Dalgarn turned to the parents and families of his clients for support.
He said life is sometimes very limited in terms of experiences for adults with disabilities. “All of the sudden they’re in a band, and they have a CD,” Dalgarn said. “These are all things that the family members had no idea was ever going to be a possibility.”
Patty Roe, a caretaker to Out of the Ashes member Kevin Shelley, said the best part for Shelley is just being in a band.
“He’s very proud of it. Those kind of places to feel included are just really huge for him,” Roe said.
The parents who became witnesses of the changes occurring in their loved one’s life, eventually ended up funding the program.
“They’re in a band; it’s just completely changed their whole life. There is meaning. To me that’s transformative. There is worth where there wasn’t worth before,” Dalgarn said.
Pam Holladay’s daughter, Janae, lights up the stage at programs with vocals and a huge smile. Holladay said Janae’s participation in Out of the Ashes has made her feel more comfortable in public.
“She has more confidence,” Holladay said. “She invites a lot of her regular friends to come.”

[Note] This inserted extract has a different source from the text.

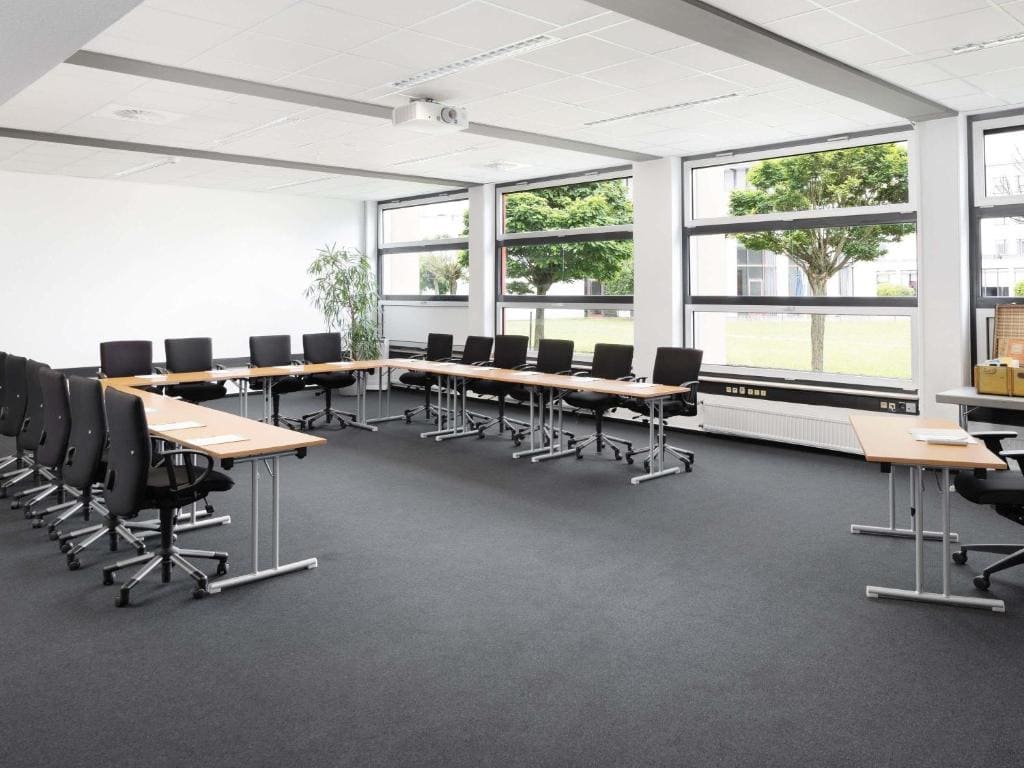 Flexible meeting room with tables and chairs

Similarly, Roe notices the impact the program has had on people at different stages developmentally. Roe said it’s amazing to see people come alive in the program.
Moving forward, Dalgarn sees the program branching off. His son, an air-force veteran, has expressed interest in offering a similar program to musically inclined veterans coping with post-traumatic stress disorder.
“I can see this whole thing with a lot of different arms,” said Dalgarn. “I just think there are a lot of people that don’t know the program is happening that need to know, and I would love to be able to also mentor people like myself.”
Out of the Ashes performs weekly at the Bellingham VFW and occasionally at Boundary Bay Brewery.